EXERCISE OBJECTIVE:
Leave out the pictures and retype everything else in the records below exactly.

SUPPLIED DATA:
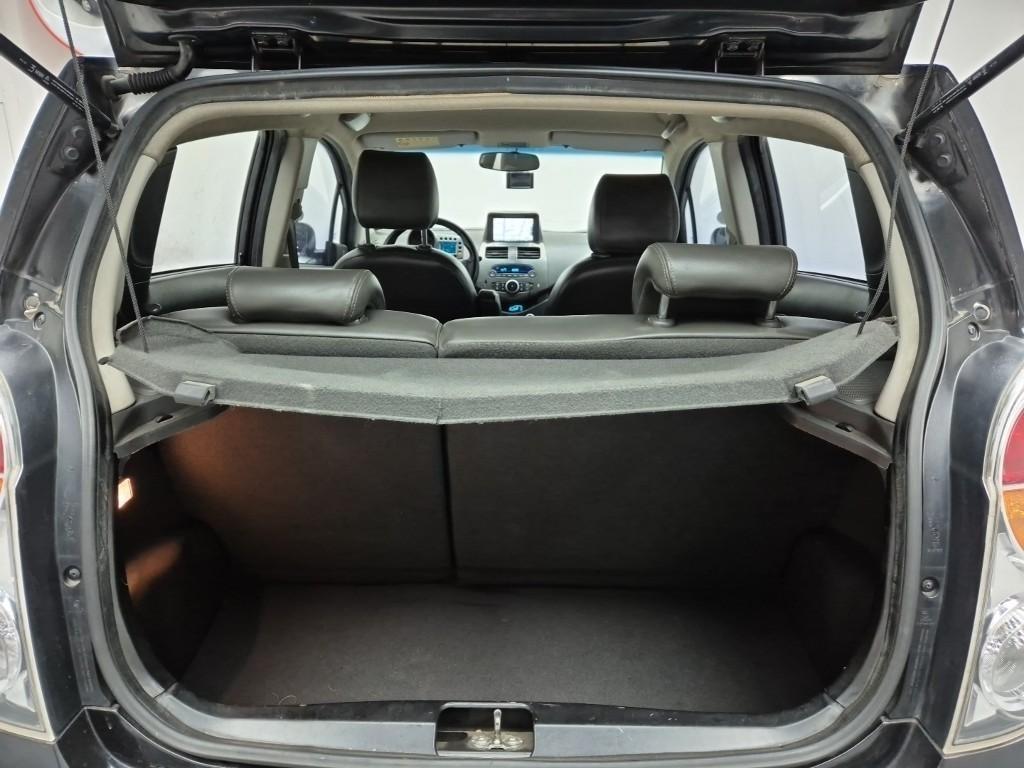 Chevrolet Spark 2012 Negro - Importación desde Corea - HF Imports Iquique - Foto 20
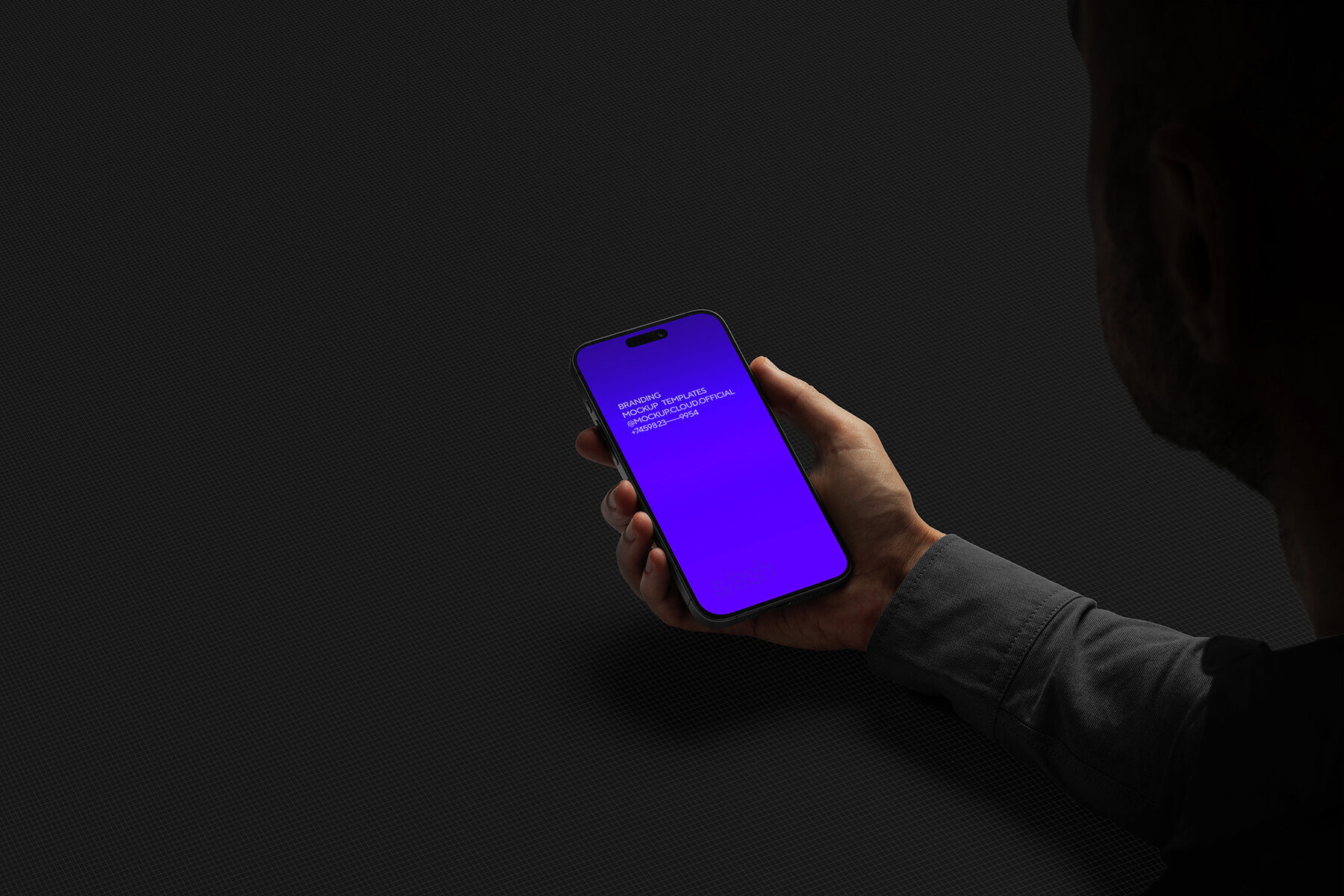 Branding Identity Mockups Slash Series 01 12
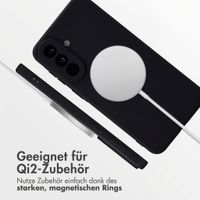 imoshion Color Back Cover mit MagSafe Samsung Galaxy A57 (5G) - Schwarz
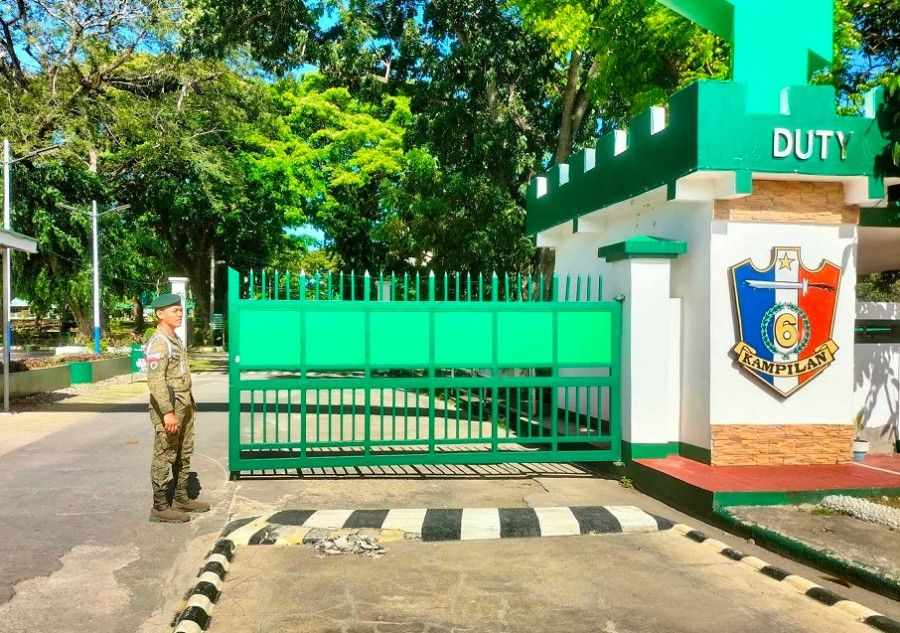 Army, police join forces to solve ambush of election official, husband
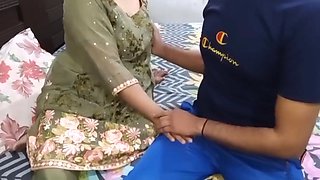 Stepsister - Stepbrother Secret Sex Story With In Hindi Audio
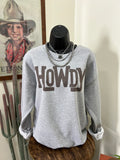 HOWDY Crewneck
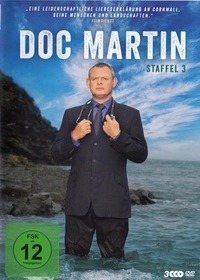 Doc Martin - Staffel 3 - Disc 1 (DVD)
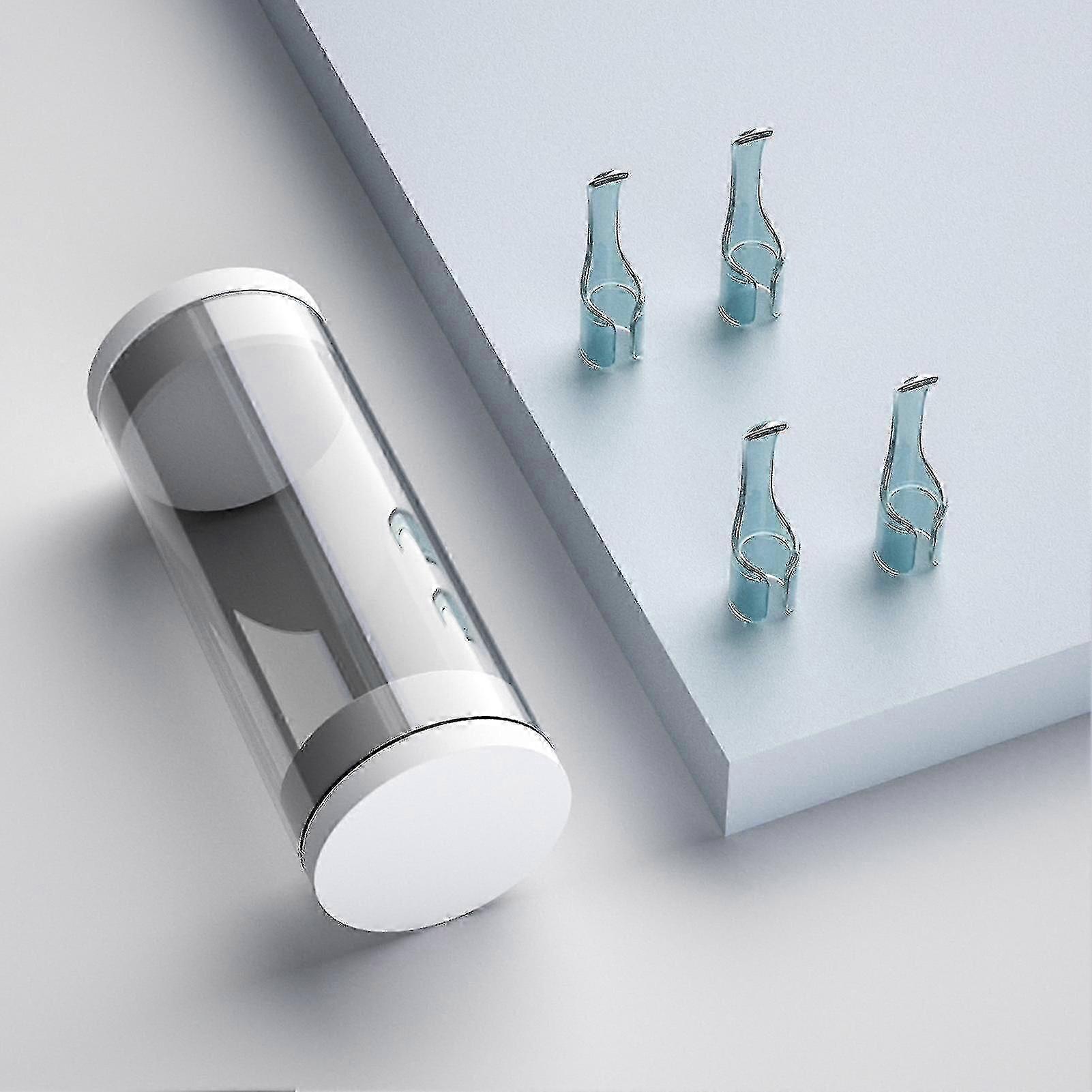 4pcs Ear Spoon Tips Replacement for Bebird R1, Visual Ear Cleaner Tips Earpick Accessories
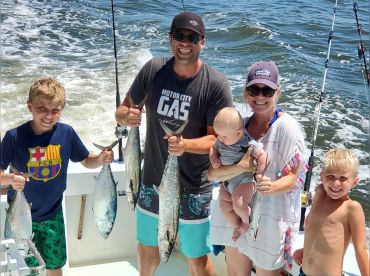 Hayden Express Charters thumbnail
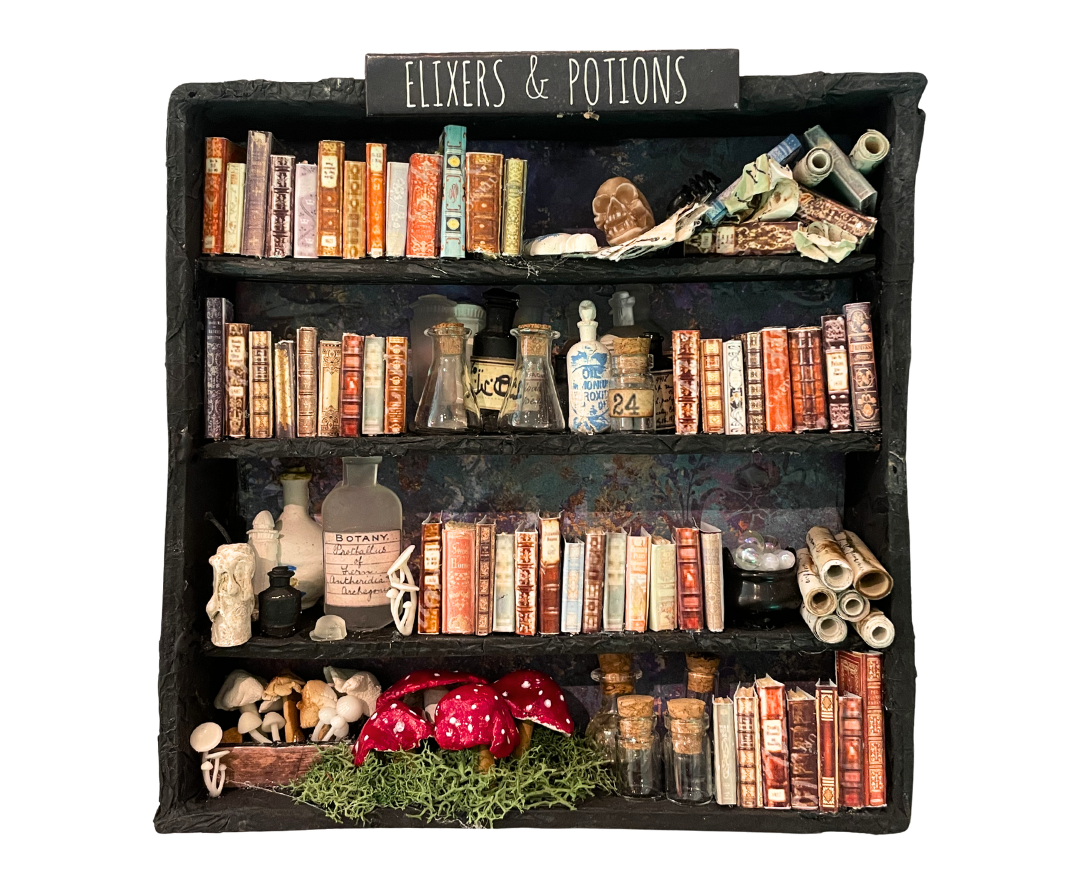 Kimberly Kelting - Oddibrary
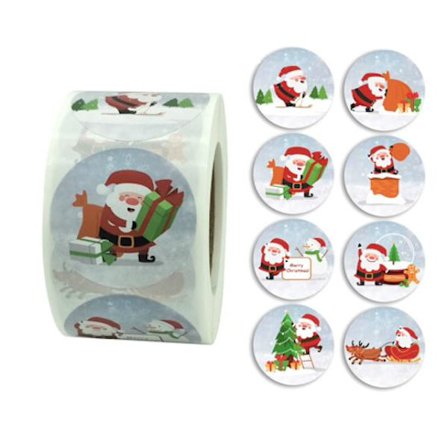 500 kpl joulutarrat - Joulukoristeet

REPLY TO THE EXERCISE:
 Chevrolet Spark 2012 Negro - Importación desde Corea - HF Imports Iquique - Foto 20
 Branding Identity Mockups Slash Series 01 12
 imoshion Color Back Cover mit MagSafe Samsung Galaxy A57 (5G) - Schwarz
 Army, police join forces to solve ambush of election official, husband
 Stepsister - Stepbrother Secret Sex Story With In Hindi Audio
 HOWDY Crewneck
 Doc Martin - Staffel 3 - Disc 1 (DVD)
 4pcs Ear Spoon Tips Replacement for Bebird R1, Visual Ear Cleaner Tips Earpick Accessories
 Hayden Express Charters thumbnail
 Kimberly Kelting - Oddibrary
 500 kpl joulutarrat - Joulukoristeet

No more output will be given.